Food history tells us that harissa originated in North Africa and the main ingredient is always dried chillies, which bring a lovely depth of flavour to the condiment. In The Cook's Companion, Stephanie Alexander revisits meals she enjoyed during a 1993 trip to Tunisia: 'This fiery paste was seemingly eaten at every meal!

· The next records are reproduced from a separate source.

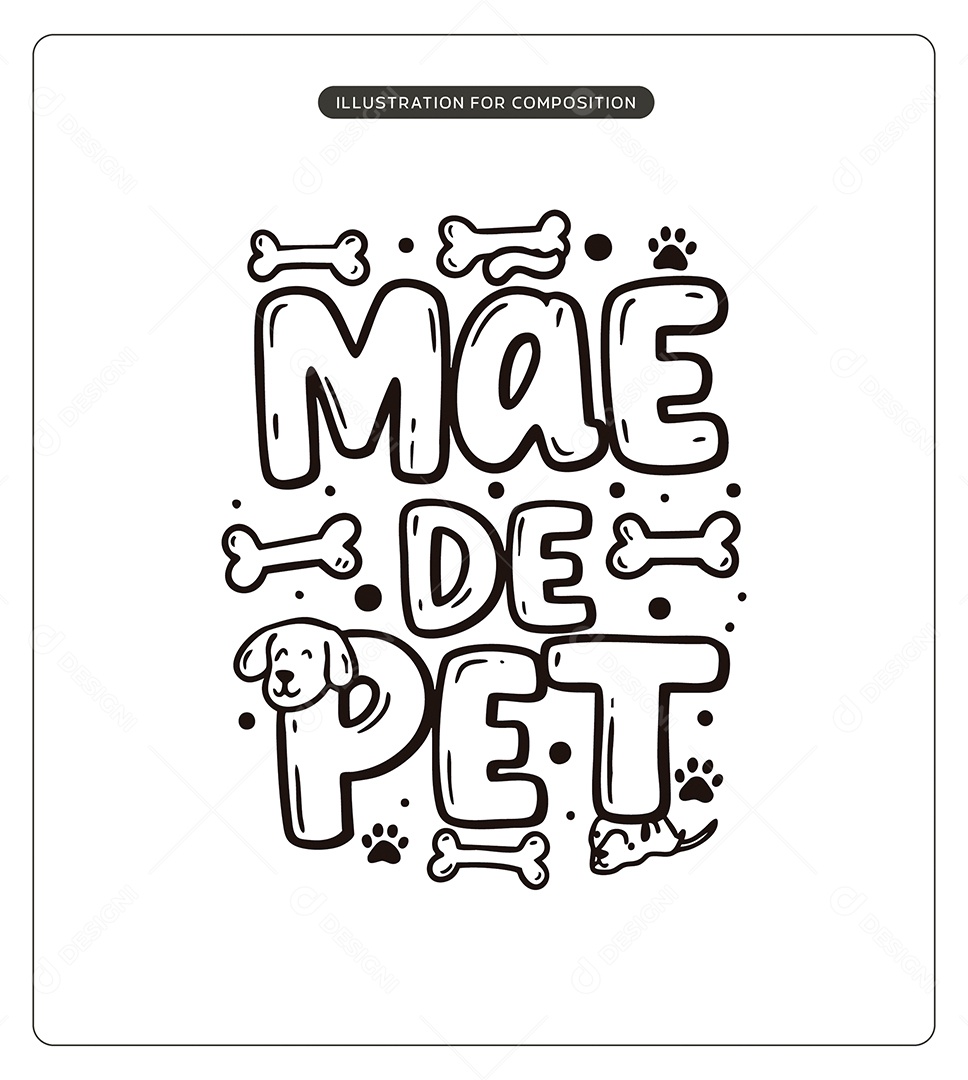 Lettering Mãe de Pet Dia das Mães Ilustração Vetor EPS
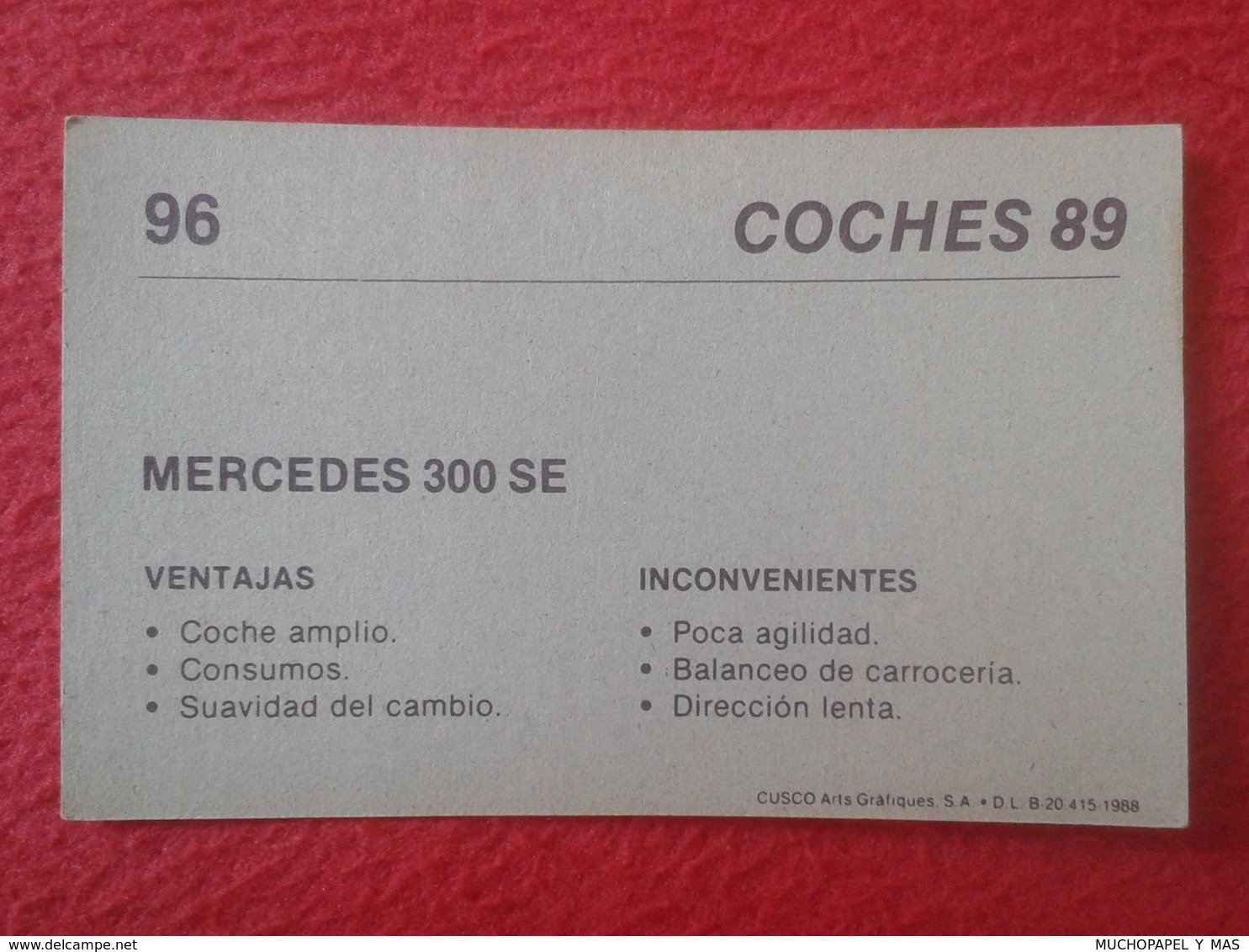 SPAIN ESPAGNE. ANTIGUO OLD CROMO ESTAMPA 1988 COCHES 89 COCHE CAR CARS AUTO AUTOMÓVIL MERCEDES BENZ 300 SE GERMANY VER - Otros & Sin Clasificación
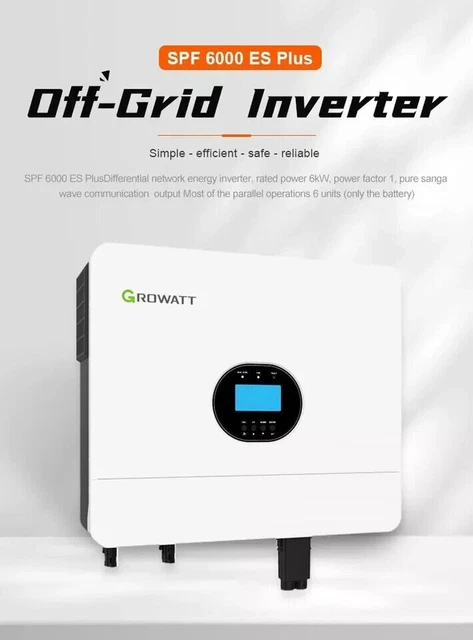 GROWATT INVERTER SPF 6000 ES Plus Single Phase 6000W Off Grid Inverter ...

When we sat down to eat, flat earthenware dishes were place in front of us with a healthy blob of harissa ringed with the rich, buttery olive oil of the region, and a basked of flatbread'. Alexander says she discovered the pleasure of 'puddling the bread in enough harissa and then allowing it to soak up some of the delicious oil'. Yum!
For the best results, use market-fresh capsicums, good quality EVOO and the finest quality coriander and cumin seeds, and dried chilli*. Grind the coriander and cumin seeds in a spice grinder, before you toast them, you will be amazed by the aroma and complex depth of flavours.
ROASTED CAPSICUM HARISSA
3 large red capsicums (bell peppers)
2 tablespoons coriander seeds
1 tablespoon cumin seed
3 tablespoons dried red chilli flakes*
a pinch of sea salt
1 cup extra virgin olive oil (EVOO)
a little extra oil, to finish
Wash and dry the capsicums. Place them (whole) on a foil lined tray and roast them under a hot grill, turning, until the skins blacken all over. While the capsicums are roasting, grind the coriander and cumin seeds in a spice grinder, then gently toast the mixture (dry) in a frypan over low heat, taking care not to let it burn. Set aside.

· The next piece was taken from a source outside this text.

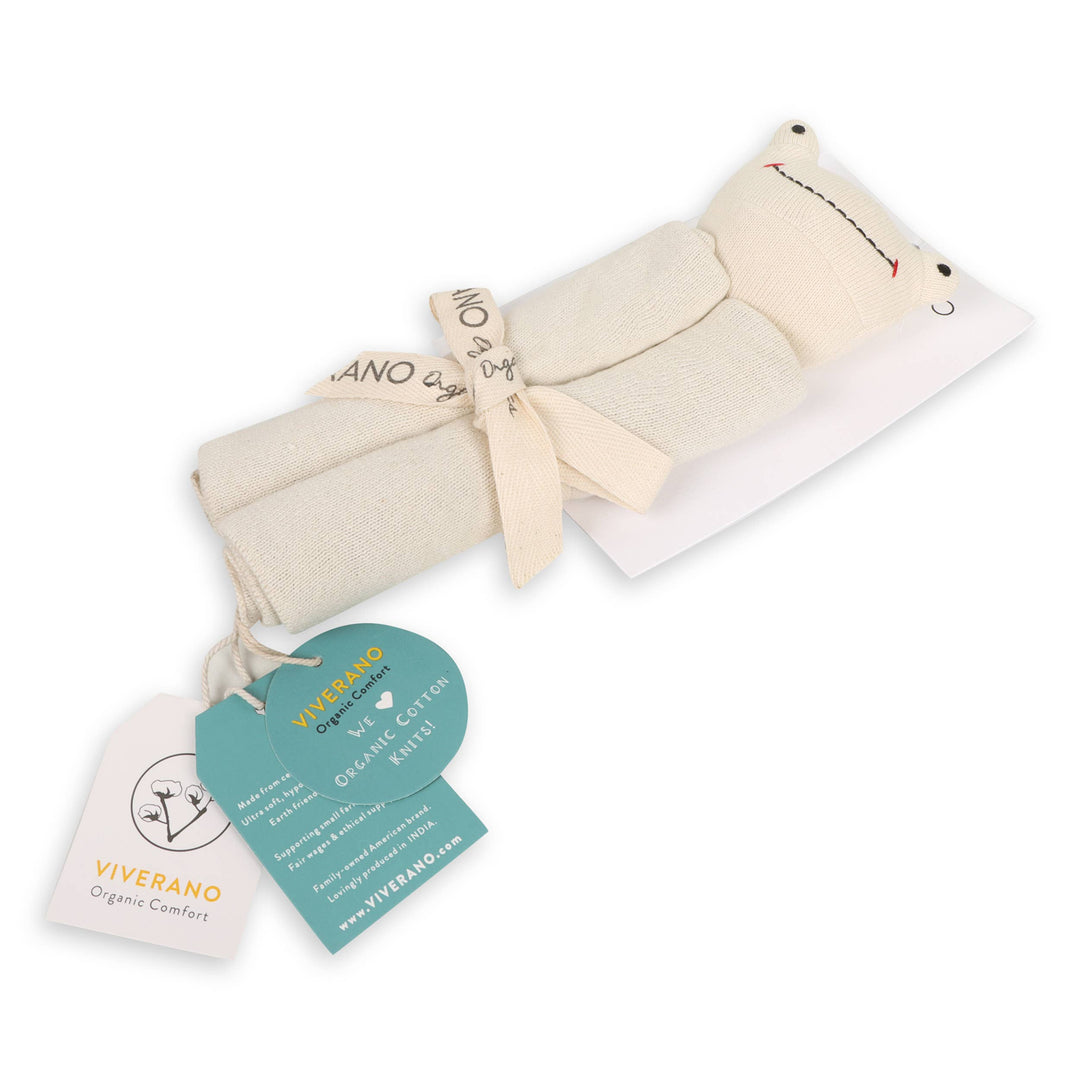 Viverano Organics - Frog - Organic Baby Lovey Security Blanket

Working quickly, peel and discard the blackened skins from the capsicums, as well as the seeds and core. Place the capsicum flesh into a food processor, together with the ground cumin and coriander, salt and chilli flakes. Start blending and gradually add the EVOO. Process until you have a nicely textured harissa paste. Spoon the harissa into a sterilised jar and pour in extra EVOO to stop the paste from drying out or oxidising. Seal. Each time you use some of the harissa, pour a little oil over the top. This quantity makes about 2 cups.

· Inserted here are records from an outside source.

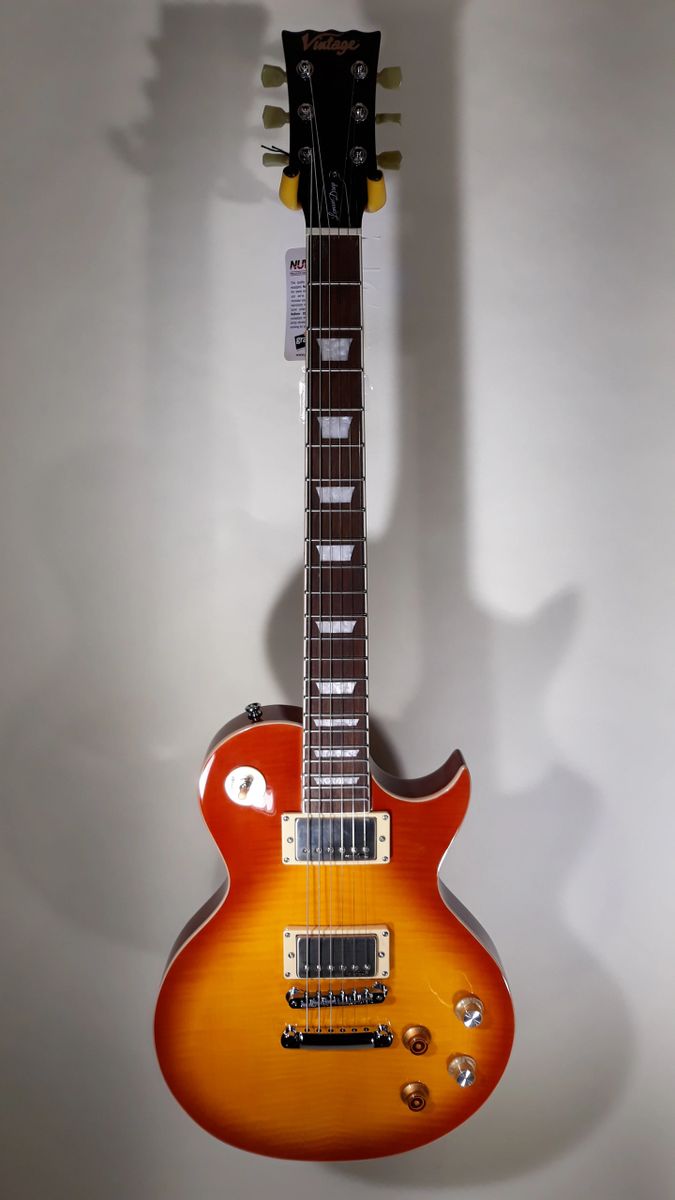 Vintage Lemon Drop Electric Guitar Yellow Sun Burst Single cut away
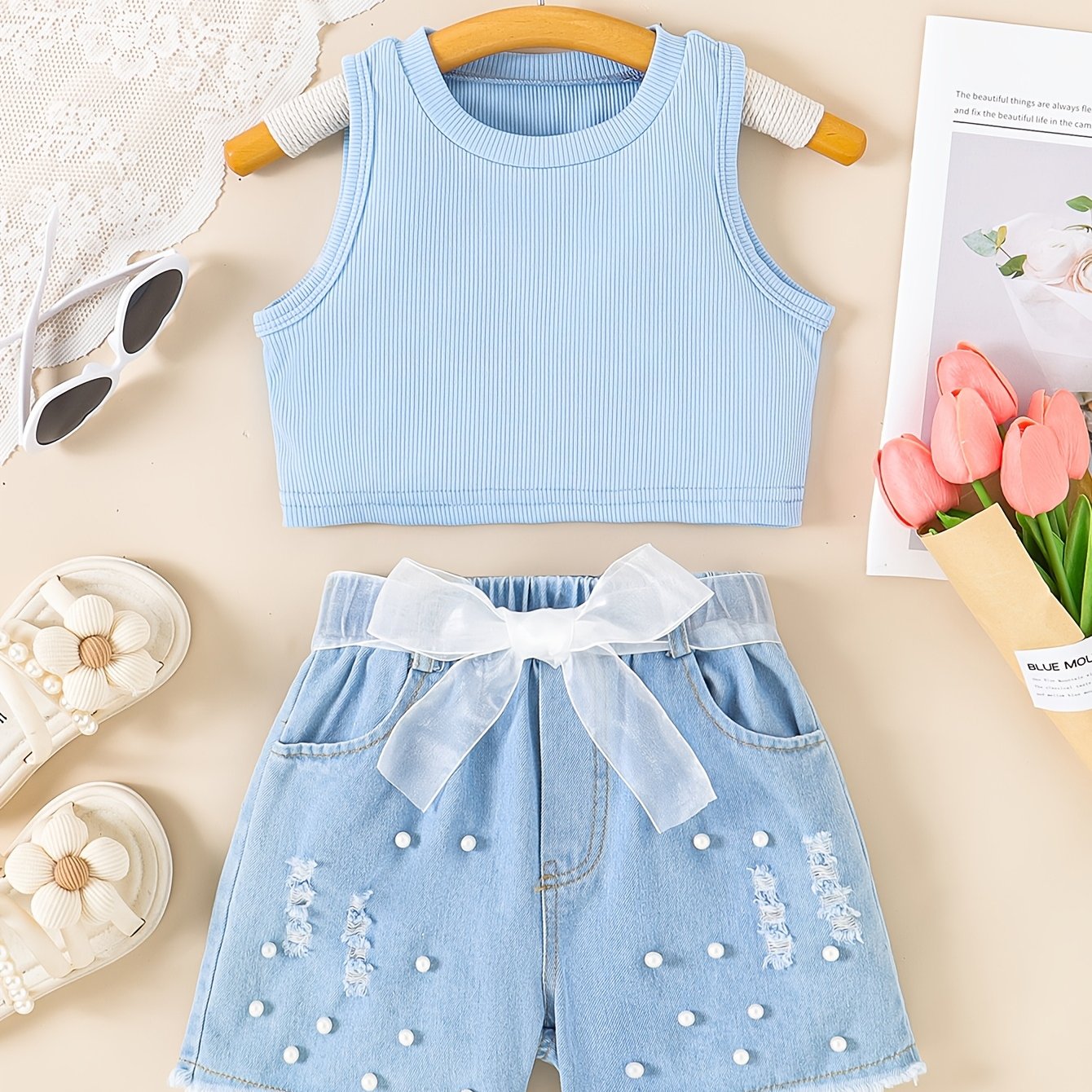 Qizlar uchun tank top va marvarid dizaynli shortlar to'plami, yozgi har kuni kiyish uchun mukammal. Qizlar uchun ajoyib sovg'a g'oyasi.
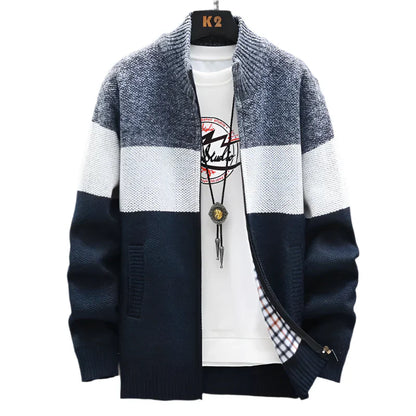 Mens Fleece Zipper Cardigan Winter Jacket Sweater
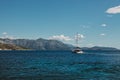 Amazing view of the Adriatic sea and a boat near Lokrum island. Travel destination in Croatia Royalty Free Stock Photo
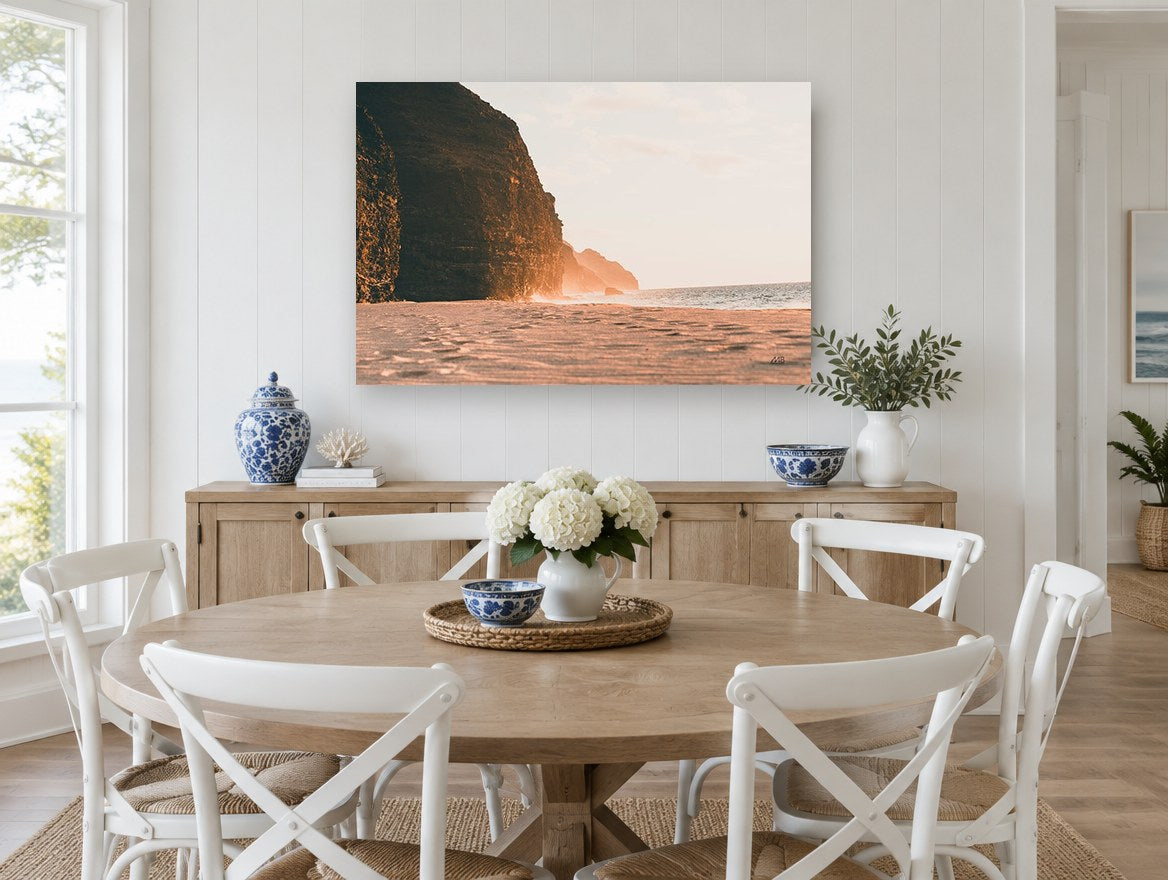 Golden Cliff Shore coastal canvas print on the wall of a Hamptons dining room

*To dry you own home grown chillies, thread them onto string and air dry them in a well ventilated room. You can also dry them in an oven; this takes a few hours at a low temperature. Or use a food dehydrator, if you have one.
The process in pictures... grind, roast, toast, blend...
So, if you were to write an Ode to a food, as Pablo Neruda did, what would it be and what would you say? Tell me, please. And please feel free to write some verse to share with our readers, if you will.
Hello. I'm Liz, a writer, cook and traveller based in Canberra, Australia.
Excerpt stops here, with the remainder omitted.